Meta CTO “Loved And Hoped To Keep” The Oculus Brand

March 19, 2025

Meta’s CTO says he “loved and hoped to keep” the Oculus brand.

“I hope that story gets told someday but suffice to say it isn’t what everyone thinks and it isn’t something I’m free to talk about just yet”, Andrew Bosworth said in a reply on X to discourse around Meta’s recent move to use “MR” to describe both MR and VR.

Meta, then Facebook, acquired Oculus in 2014 for almost $3 billion in total. For the first four years Oculus operated as a mostly independent startup, until in 2018 it became a division of Facebook, a year after Facebook fired the founder Palmer Luckey.

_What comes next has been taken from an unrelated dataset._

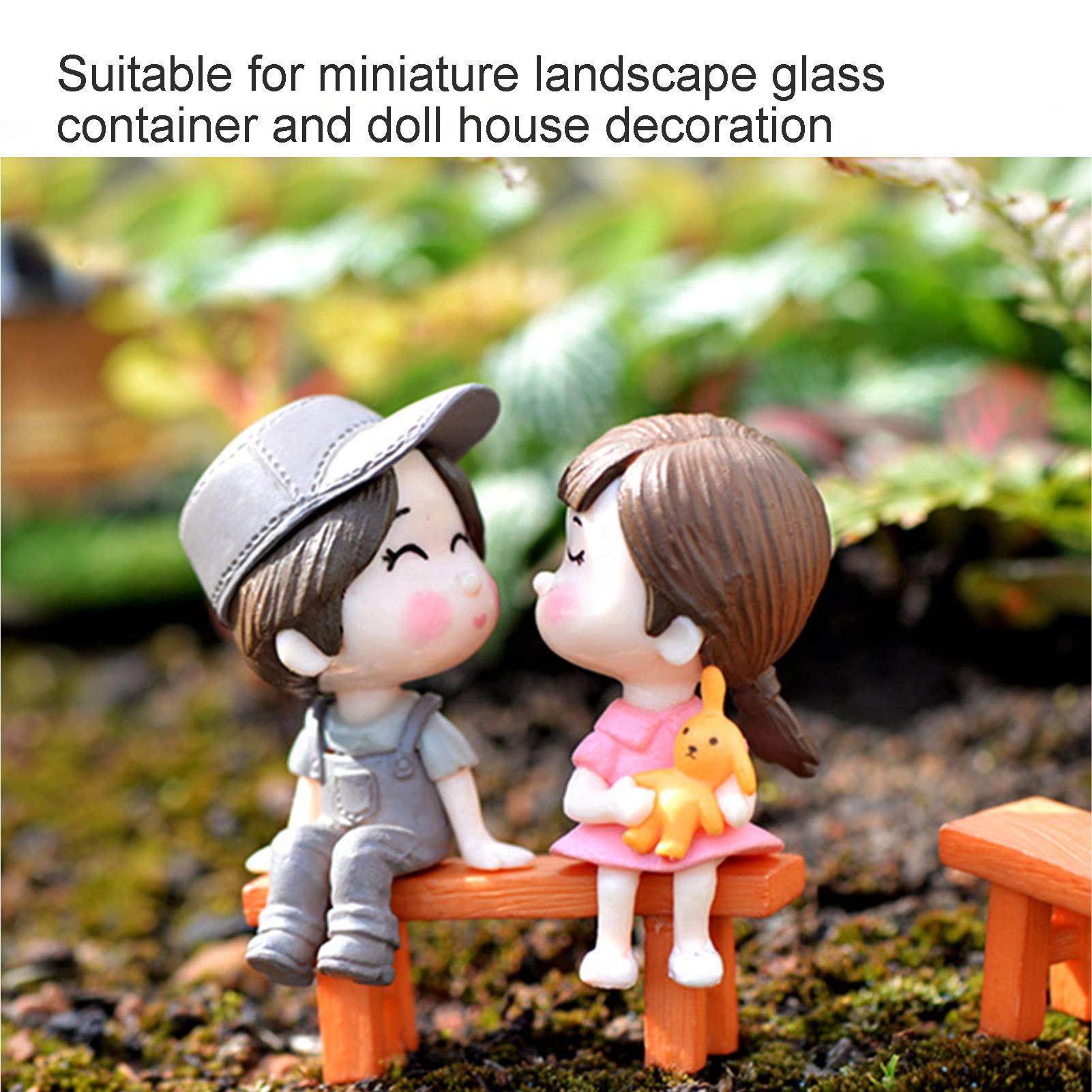 FIYO Couple Doll Ornaments - Cute Cartoon Mini Kissing Figurines for Car & Home Decor, Perfect Valentine's Day & Birthday Gifts for Couples (Men & Women) | Romantic Car Dashboard Decor & Sweet Home Accent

In 2020, the division was renamed to Facebook Reality Labs, but the Oculus brand continued to be used for another year.

In 2021, upon changing its name to Meta, the company announced that it would kill “Oculus”, rebranding its VR efforts to “Meta Quest”. Over the next year almost every usage of “Oculus” was renamed, with the only remaining use of the brand today being for Oculus Studios and Oculus Publishing.

Somewhat confusingly, last year Meta once again rebranded most of its VR/MR efforts, this time from Meta Quest to Meta Horizon, with Quest now only used to refer to first-party Meta headsets.

When rebranding from Oculus to Meta Quest in 2021, Bosworth claimed that the decision was taken “to make it clear that Quest is a Meta product”, stating that it was “a very difficult decision to make”.

Bosworth’s new comments, and specifically the reference to “statutes”, suggest that other legal-related reasons were at play. While he says he will “definitely tell the story some day”, for now he’s not disclosing the reasons.

These comments come six months after he publicly apologized to Palmer Luckey, the founder of Oculus, over comments he made about his firing, stating that he was “misinformed” about the reasons. “I’m grateful for the impact you made at the company and in developing VR overall,” Bosworth said to Luckey at the time.